Saturday
Jan. 16, 1999
The Light of Other Days
Poem: Thomas Moore (1779-1852), "The Light of Other Days."
It was on this day in 1944 during WWII that GENERAL DWIGHT D. EISENHOWER took over command of all the Allied Forces in Europe. His first move was to head to London and plan D-Day. Six months later, June 4, 1944, he sent a million men and 4,000 ships across the English Channel to begin the invasion of Europe.
It's mezzo-soprano MARILYN HORNE's birthday, born in Bradford, Pennsylvania, 1934. She broke into singing in 1954 by dubbing the vocals for Dorothy Dandridge in the movie Carmen Jones; the same year she made her opera debut in Los Angeles in The Bartered Bride.
It's zoologist DIANE FOSSEY's birthday, Fairfax, California, 1932. When she was in her early 30s she went to East Africa and met archeologist Dr. Louis Leakey, who inspired her to research apes and gorillas. In 1967 she set up camp in Rwanda to study mountain gorillas. At that time, mountain gorilla numbers had dwindled due to poaching to about 250. Through Fossey's efforts, particularly the publication of her 1982 book Gorillas in the Mist, there are now about 650 in the wild.

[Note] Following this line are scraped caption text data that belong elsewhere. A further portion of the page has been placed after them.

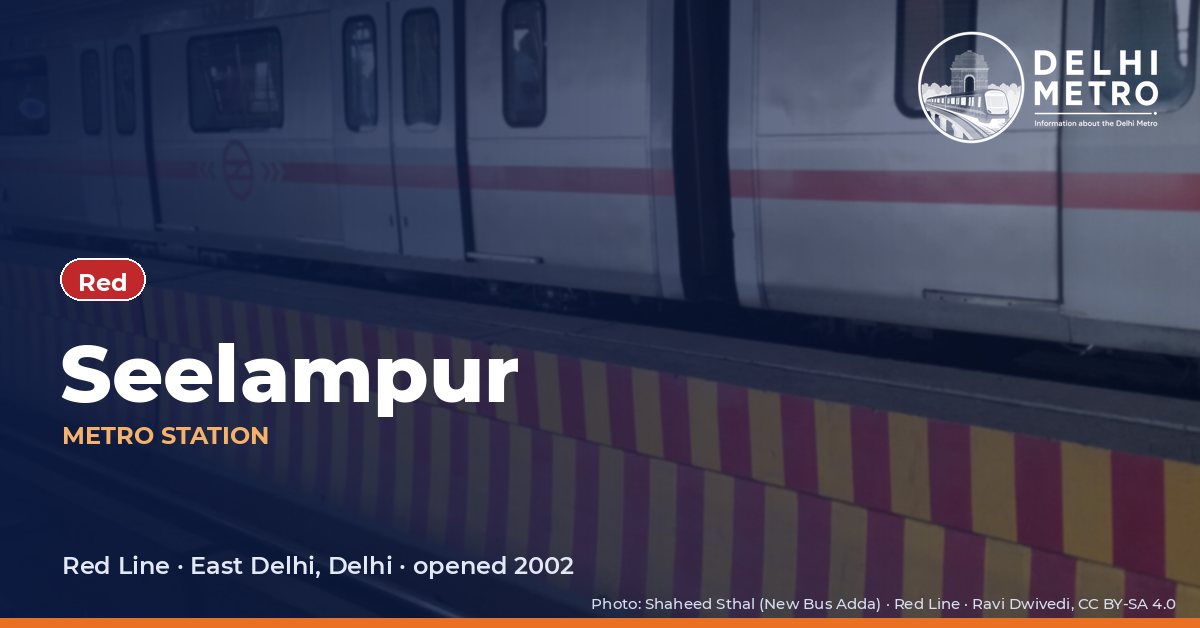 Seelampur metro station, Delhi Metro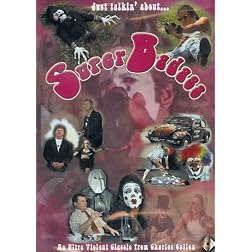 Super Badass, The Director's Edition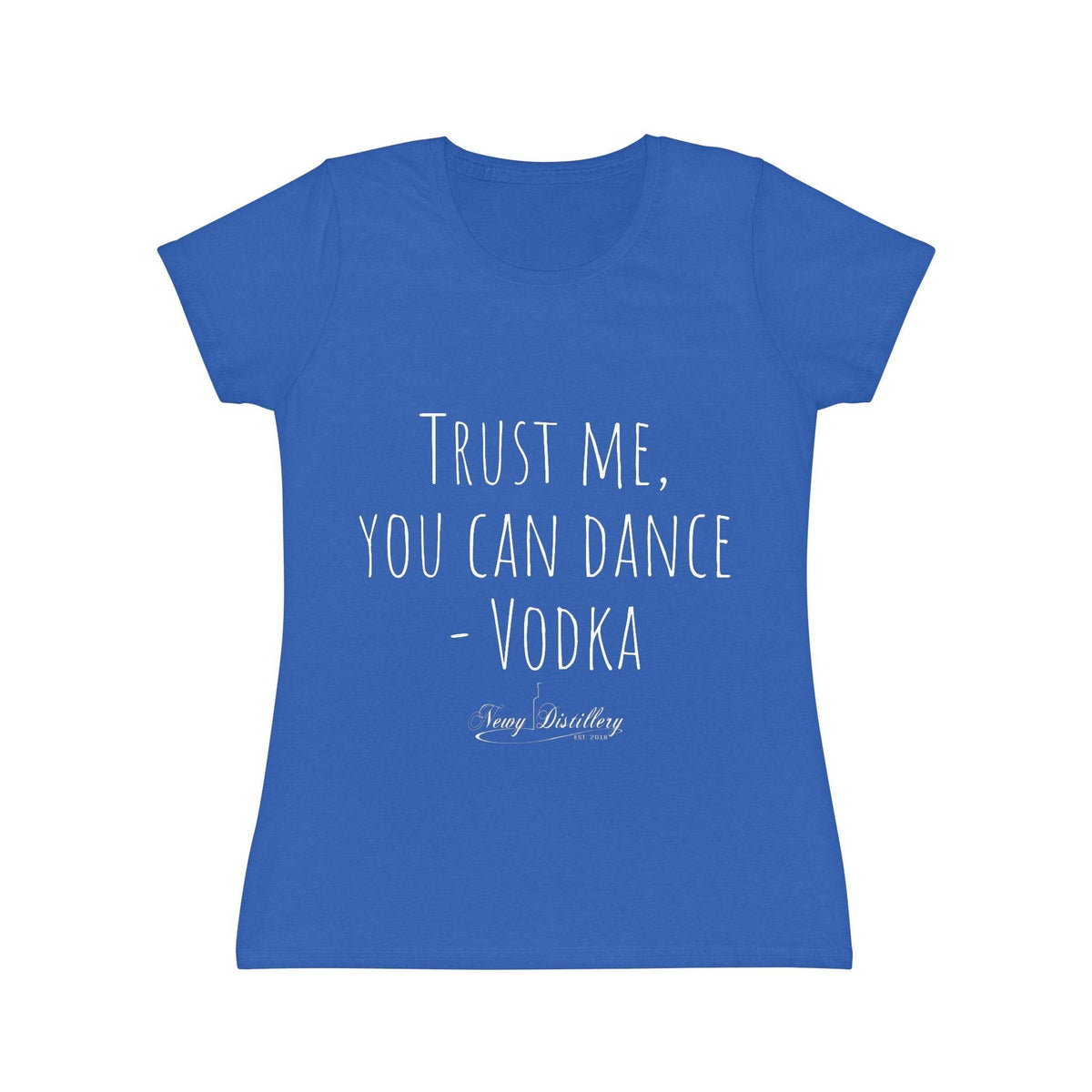 Trust me, you can dance! - Vodka - Women's Iconic T-Shirt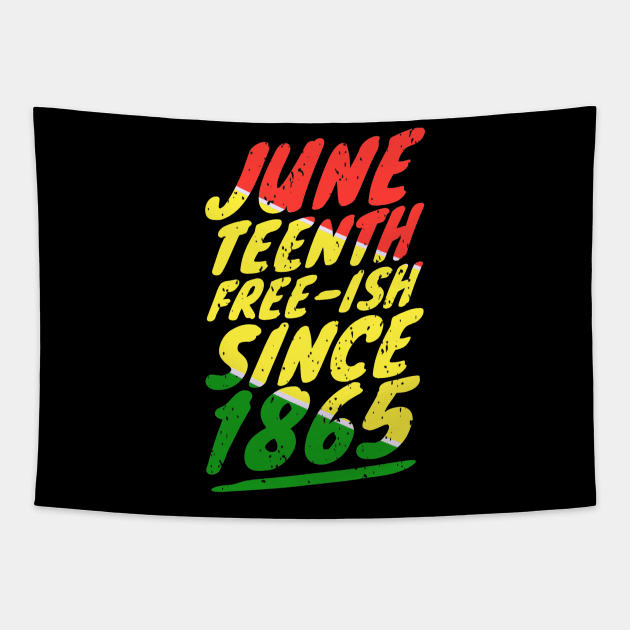 Juneteenth FREE-ISH since 1865 Tapestry by khalid12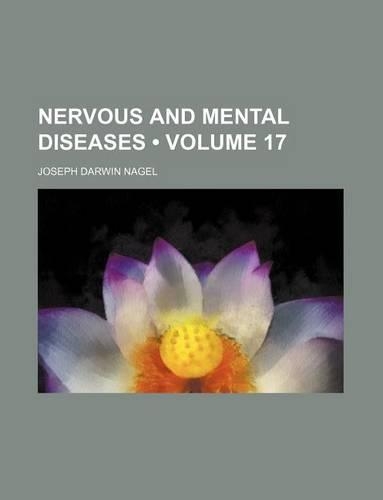 Nervous and Mental Diseases (Volume 17)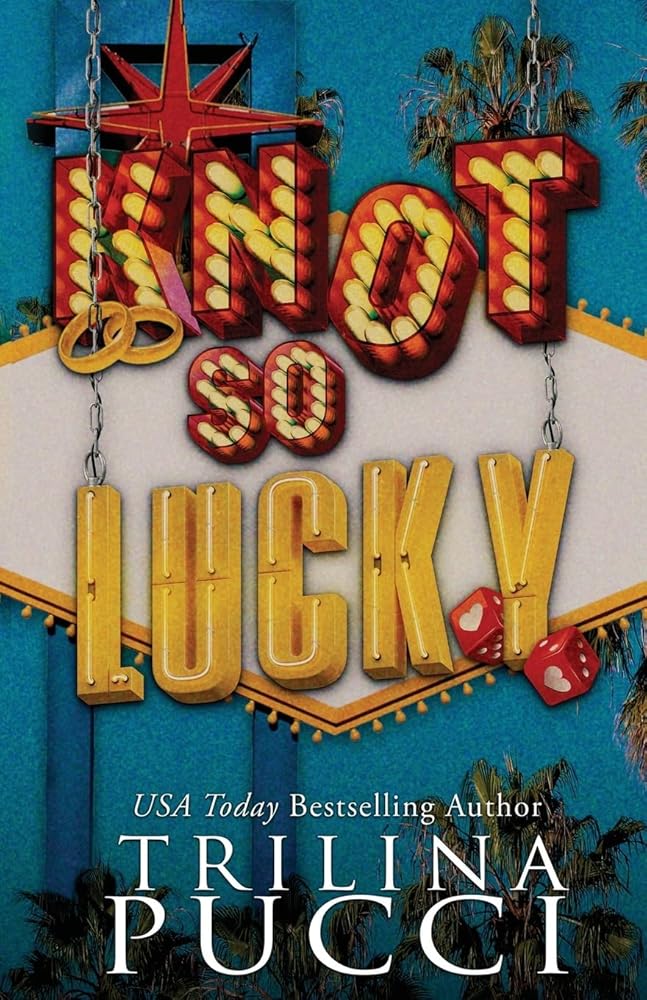Knot so Lucky (The Holidates) cover image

Fossey was killed in her cabin in Rwanda in December, 1985, and the crime is still unsolved.
It's the birthday of the Canadian poet ROBERT WILLIAM SERVICE, born 125 years ago in 1874, Lancashire, England, but who settled in the Canadian Yukon in his 20s and wrote frontier poems like, "The Cremation of Sam McGee," and "The Shooting of Dan McGrew."